INFORMATION PROVIDED:
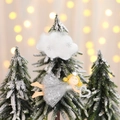 Addobbo per albero di Natale con fata di peluche, corona d'argento e nuvola soffice - Angelo Nuvola Cuore Grigio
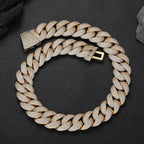 Stacking 24mm Cuban Chain Necklace and Bracelet Set with Zirconia Stones in Gold or White Gold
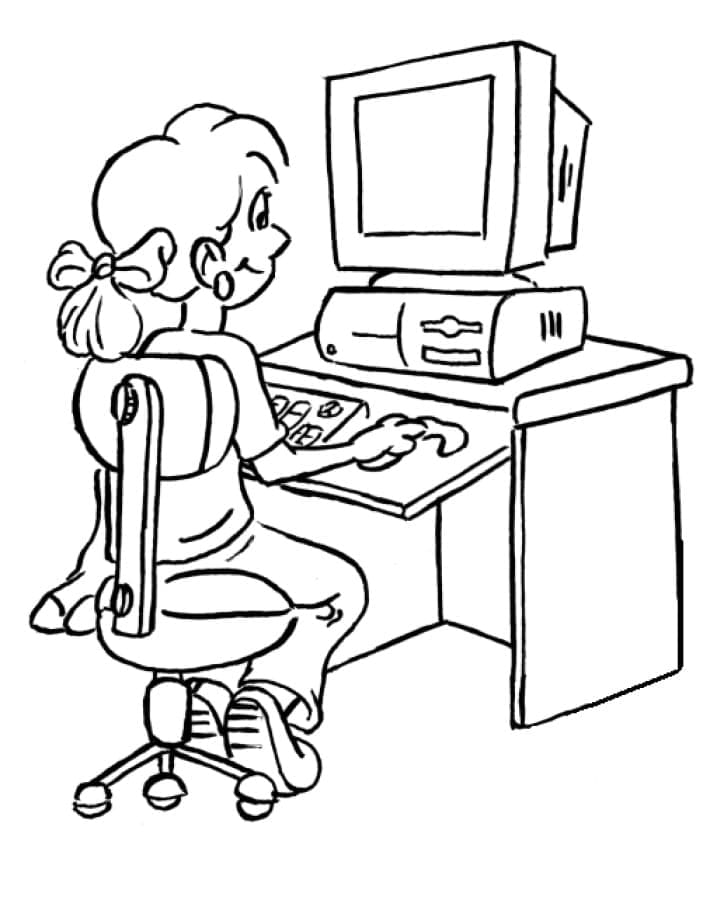 Meisje Met Behulp Van Computer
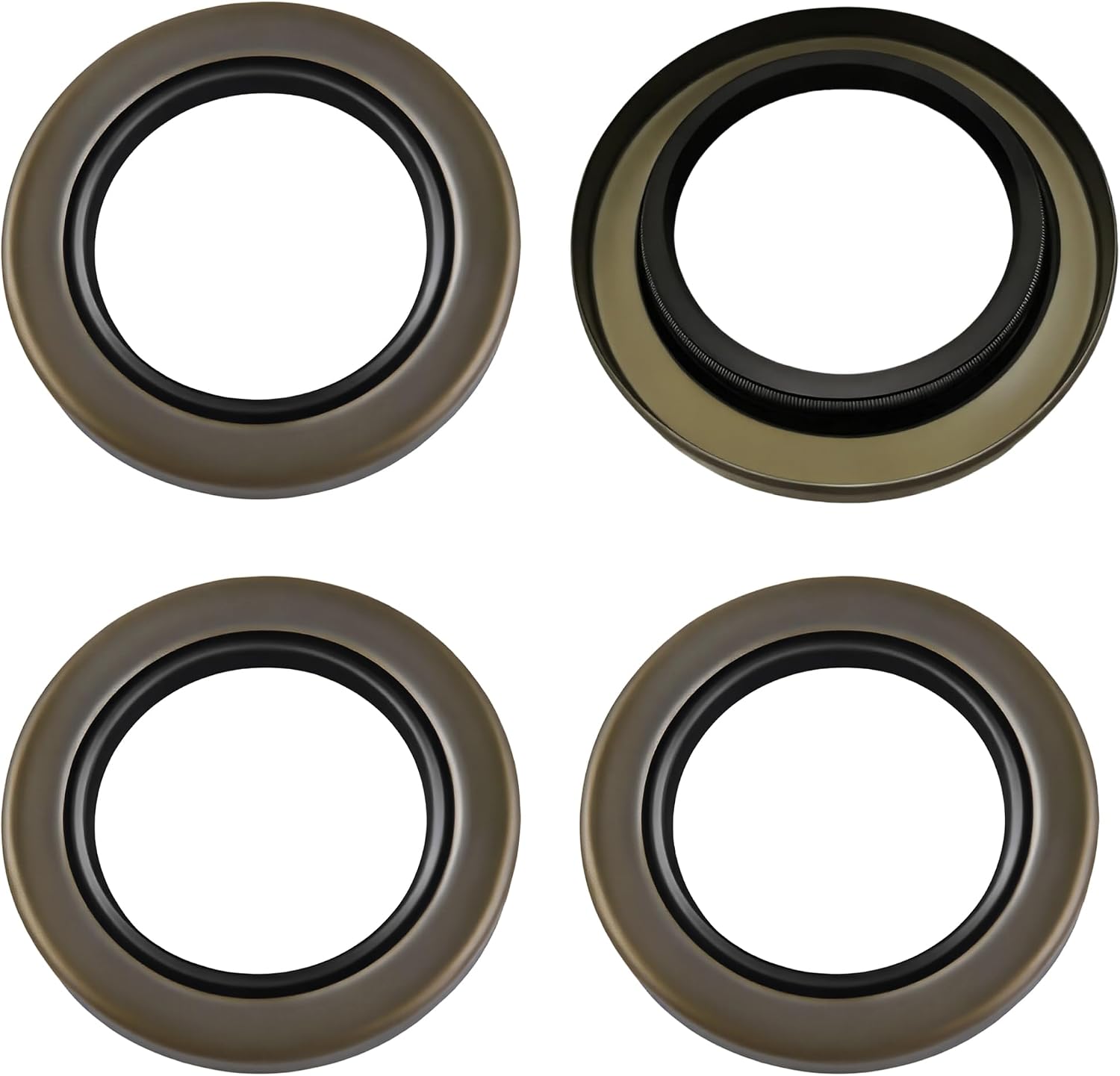 4 Pack Double Lip Grease Seal 2.250" ID x 3.376" OD for 5200-7000lb Trailer Axles, Replacement for Dexter 010-036-00 10-36, Texcom 22333TB, National 452920, Trailer Hub Axle Seal for RV Boat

PROBLEM TO SOLVE:
From the first line to the last, repeat the listing exactly and skip its images.

RESPONSE BELOW:
 Addobbo per albero di Natale con fata di peluche, corona d'argento e nuvola soffice - Angelo Nuvola Cuore Grigio
 Stacking 24mm Cuban Chain Necklace and Bracelet Set with Zirconia Stones in Gold or White Gold
 Meisje Met Behulp Van Computer
 4 Pack Double Lip Grease Seal 2.250" ID x 3.376" OD for 5200-7000lb Trailer Axles, Replacement for Dexter 010-036-00 10-36, Texcom 22333TB, National 452920, Trailer Hub Axle Seal for RV Boat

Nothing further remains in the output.